HISTORY 61N: The Worlds of Thomas Jefferson
General Education Requirements
Course Description
Thomas Jefferson assumed many roles during his life—Founding Father, revolutionary, author of the Declaration of Independence, natural scientist, inventor, political theorist, slaveholder, founder of a major political party, and President of the United States. In this seminar we will explore these worlds, both to understand the multifaceted character of the man—his ideas, the political projects he engineered, the slaves he bought and sold as property—but also to understand the broader historical contexts which he inhabited and that he did so much to shape: the American Enlightenment, the American Revolution, and the early nation-building years of the United States. While we will focus on Jefferson, we also necessarily focus on the people he touched and those who touched him as well as the times that shaped him.
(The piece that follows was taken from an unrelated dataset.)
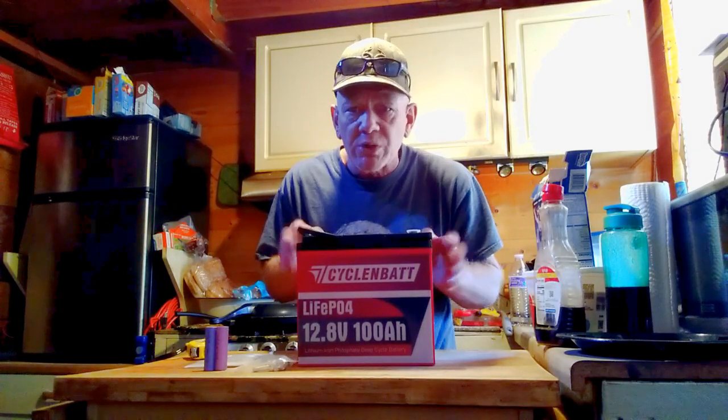I measured this compared to my other LiFePO4 100 amp hour batteries — this is about half the size, and weight-wise it's about two-thirds of the weight. How is it possible that all these other 100 amp hour batteries are so much larger?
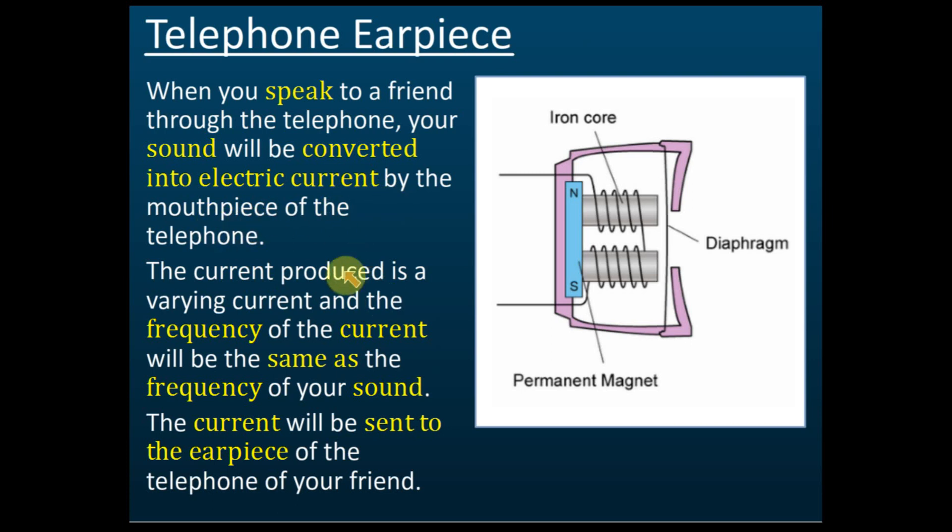The current produced varies — it increases and decreases according to the frequency of the sound. This varying current is sent to your house through the telecom network. When it flows into the electromagnet at your end, there is a soft iron core inside. When the current increases, the electromagnet becomes strong; when it decreases, it becomes weak, so the magnetic field increases and decreases accordingly.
We will read some of Jefferson's most famous writings and speeches, such as the Declaration of Independence, his Notes on the State of Virginia, and his first inaugural address, as well as some of his correspondence with other leading founding-era figures, such as John and Abigail Adams, James Madison, and George Washington. We will learn about Sally Hemmings, the slave with whom Jefferson had a long-standing sexual relationship, as well as the children that she bore him. Having debates and doing role-playing will also be important elements of your seminar experience. Upon completing this course, you will be familiar with Jefferson's major writings, his ideological convictions, his development as a political and moral thinker, his sometimes fraught relationships with other Revolutionary leaders, and his disconcerting vocation as a plantation owner reliant on African-American slave labor. By gaining familiarity with the many dimensions of his life, you will also gain an introduction to the major events and themes of the era of the American Revolution.
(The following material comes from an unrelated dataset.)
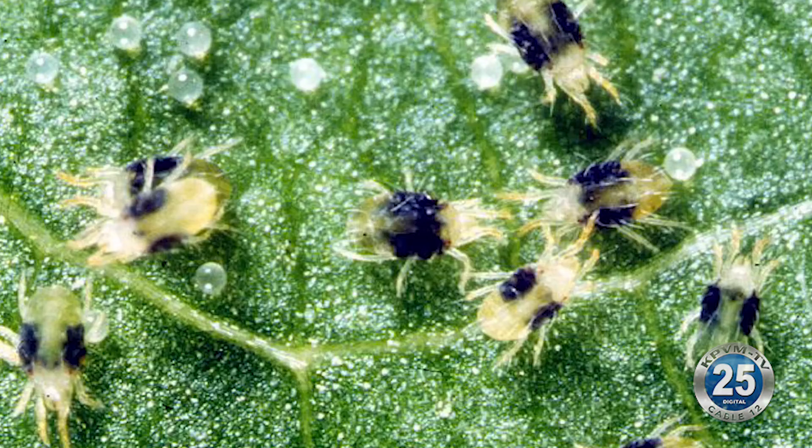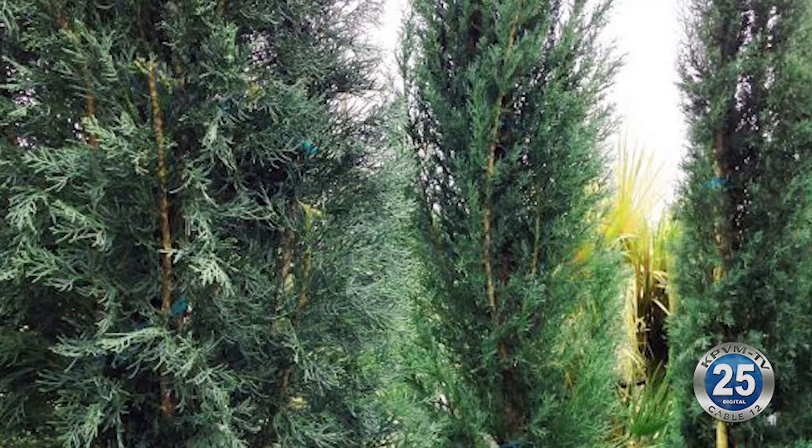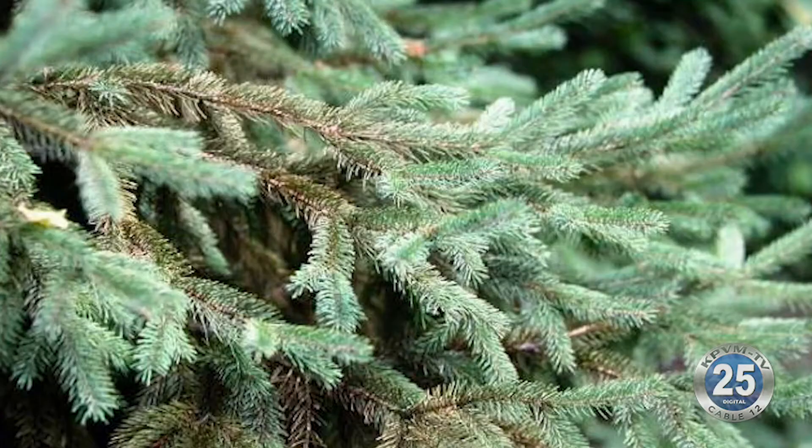They actually suck the juice out of the needles primarily because they're most often found on plants in the conifer varieties, which would be like Italian cypress, junipers, arborvitae — any of those things that form a cone and have more of a little spine rather than a broad leaf. Those are what the spider mites are attracted to.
Meet the Instructor: Jonathan Gienapp
"I am an assistant professor in the history department. I received my B.A. from Harvard University and my Ph.D. from Johns Hopkins University. Principally a scholar of Revolutionary and early republican America, I am particularly interested in the period's political culture, constitutionalism, and intellectual history. My current research explores how and why founding-era Americans' understanding of their Constitution transformed in the earliest years of the document's existence while exploring how those changes created a distinct kind of constitutional culture, the consequences of which can still be felt today. Given that I study the political and intellectual history of Revolutionary America, I have long been interested in Thomas Jefferson as both a thinker and a politician. But I also think that few historical figures better embody the complexity of America—both its triumphant ideals and its disastrous sins—and thus few figures offer a more revealing study, of not just the specific historical period in which he inhabited but American character more generally. Accordingly, I am excited to teach an introductory seminar that takes up as its primary theme Jefferson and the many worlds in which he operated."